"Kissing can be more intimate than intercourse"
(Dr. Sandra Scantling, certified sex therapist)
I'm a big fan of Dr. Sandra Scantling, who writes a popular column on sex and relationship issues for the Hartford Courant (which are archived on her website, www.drsandy.com). But when I first read those words, I was a bit skeptical. After all, aren't intimacy and intercourse virtually synonymous? (You will still hear people say, "We were intimate", as a euphemism for "We had sex").
But when I thought about it more, I realized that Dr. Scantling was absolutely right. What can be more sensual, more expressive, more intimate than a kiss? In fact, shortly after I read Dr. Scantling's column on kissing, I read a Chicago Tribune interview with someone described as a "lifestyle coach for swingers" (interesting job title), who said that the number one ground rule for swingers' parties is No Kissing. "It's just too intimate" for even swingers to handle, the coach explained.

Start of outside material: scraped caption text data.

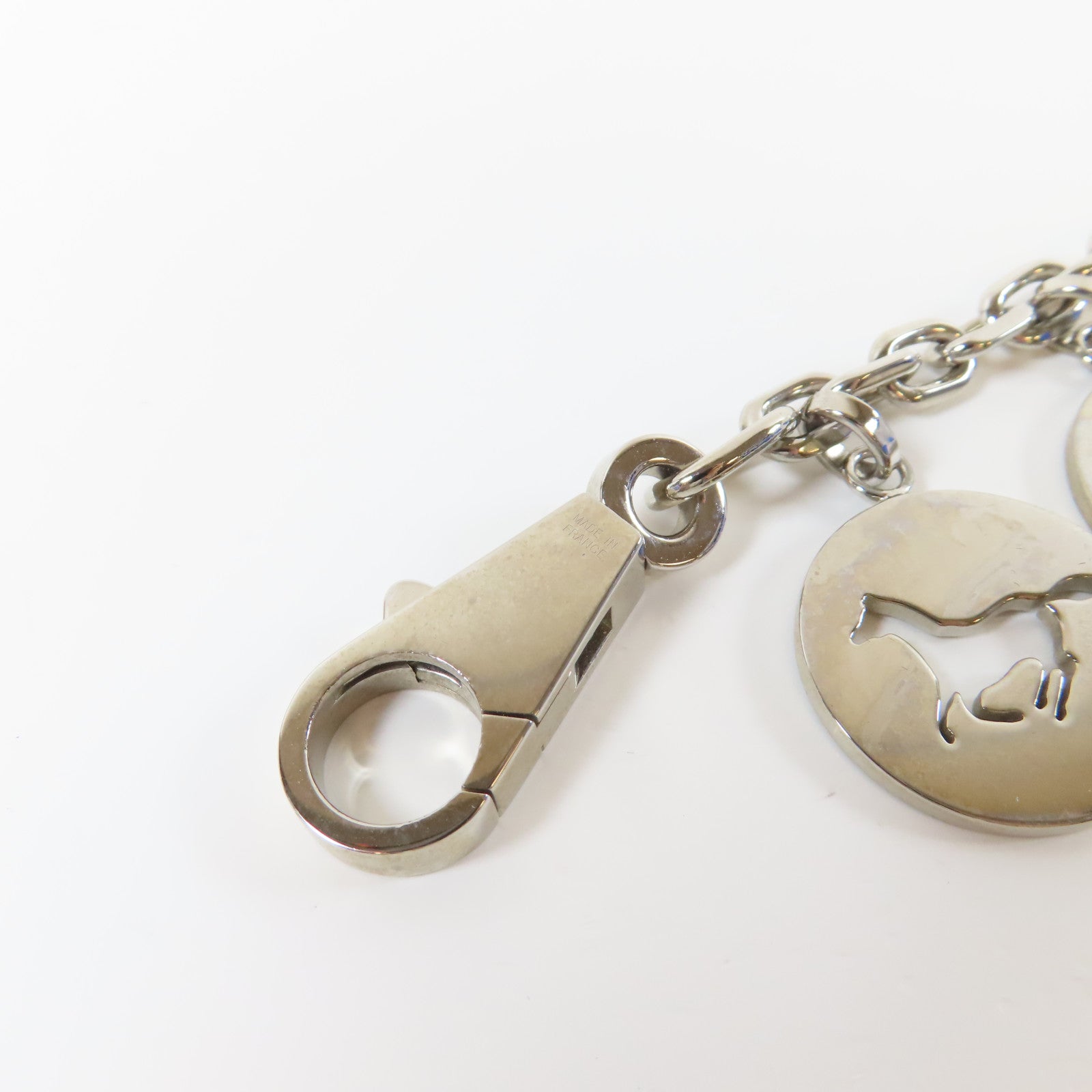 HERMES 金屬Amulette Charm銀扣掛飾銀色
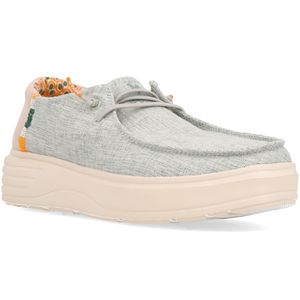 Poppy cotton shoe with logo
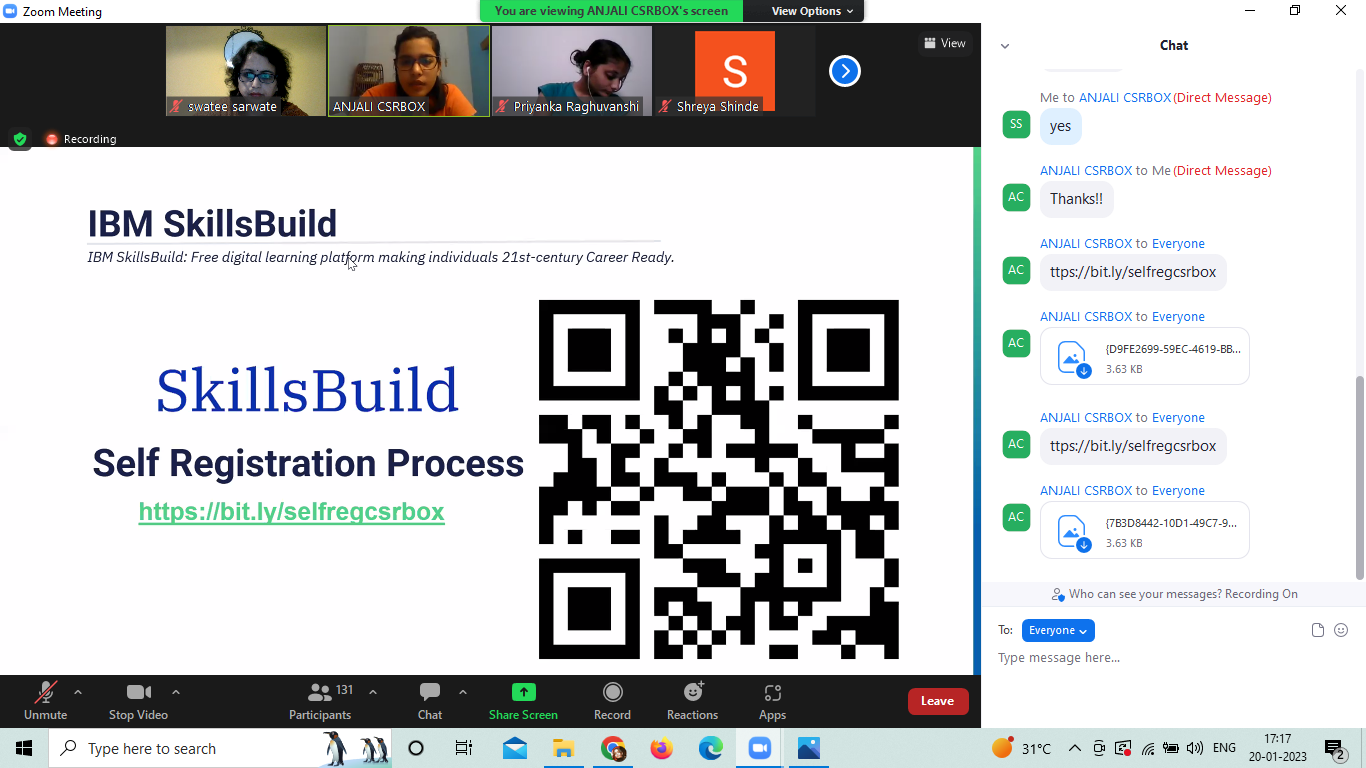 Registration code IBM skill build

Actually, I might re-phrase Dr. Scantling's words to say, "Kissing should be more intimate than intercourse", because, unfortunately, in the typical mid-life marriage, kisses are anything but intimate. The long, wet, passionate kisses of our single days are quickly replaced by the perfunctory peck on the cheek. Why? Do we think that we don't "need" to kiss if we have sex? Do we think that kissing, like holding hands, is somehow unseemly if we've been together for years and years? Are we just plain thoughtless and lazy about showing affection?
Whatever the reason, we need to break the peck-on-the-cheek habit, or at least reserve it for those times when we'd be truly embarrassed to have other people see us kissing in a more passionate manner. (And even then, you're really setting a good example for the repressed married people of the world).
Because the best way to break a habit is to replace it with another one, start today. When your spouse comes home tonight, give him or her the kind of kiss you used to give. Do it again after dinner, and before you get into bed. As Dr. Scantling says, "Let's return kissing to its rightful place in lovemaking. Dare to be as intimate now as you were then...and never underestimate the power of a kiss".